Dad would forget to get a loaf of bread at Kimmel’s store on a frigid Sunday morning, but he always got a fat Sunday newspaper. That newspaper was the origin of my quest to read. Dad grabbed the sports section, I laid the funny papers all over the floor, Mom had too much to do, it was packed. I even liked the cartoonists’ names. Jimmy Hatlo — “Little Iodine,” Ham Fisher — “Joe palooka.” There was Barney Google and Snuffy Smith, Dagwood, The Katzenjammer Kids, Nancy, Henry, and continuing episodes like Steve Canyon and Brenda Starr. There was Bill Holman’s-Smokey Stover that always had that Notary Sojac sign. There were educational ones like Ed Dodd’s-Mark Trail, and very delicately drawn ones like Hal Foster’s “Prince Valiant.”
All this and I still thought Uncle Remus, from “Songs from the South” by Joel Chandler Harris, was all of the above.

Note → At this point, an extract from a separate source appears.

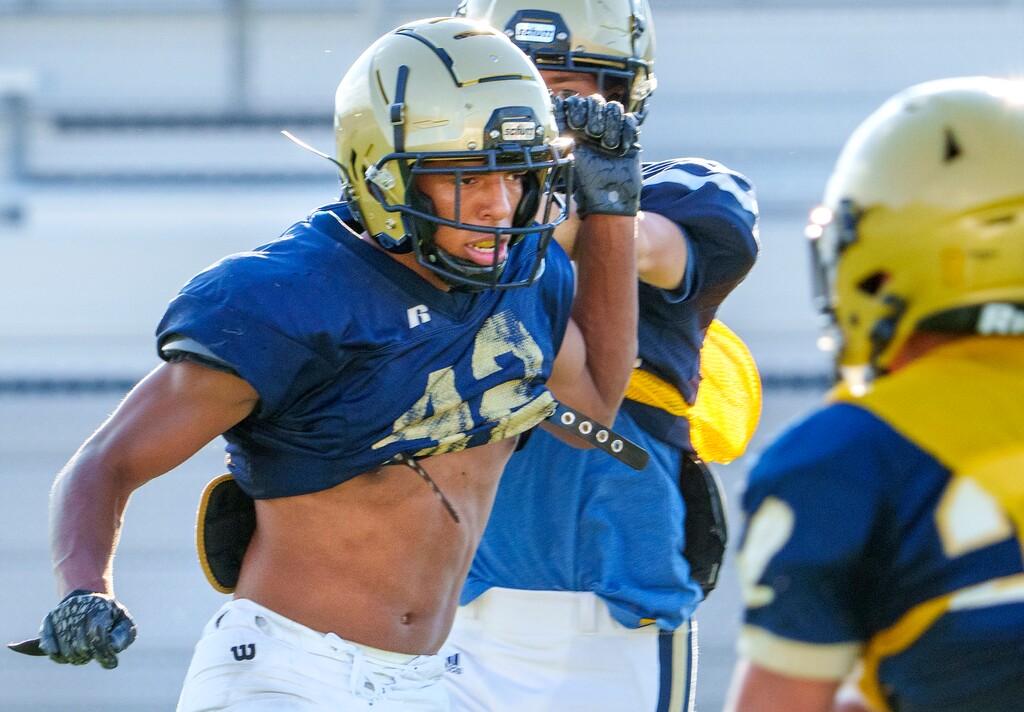 (Leah Hogsten | The Salt Lake Tribune)  Skyline High School wide receiver Miles Hall during football practice, Thursday, Aug. 18, 2022.  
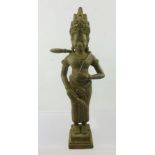 A KHMER BRONZE DEITY, The Goddess Uma, circa 1800, on stepped base, 29cm high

Now Brer Rabbit owed Brer Bear one dollar, and he owed Brer Coon the same, and he Brer Possum, and he Brer Skunk, and he Brer Fox, and Brer Fox owed Brer Rabbit and give him back his same dollar, and everyone was paid up, and there was happy chatter all night in the forest.
Isn’t that capitalism? Well, it seems Dad’s stepfather said they went to town with little money, trading they called it, and perhaps Dad noticed. He started bringing me newspapers and magazine someone gave him at work.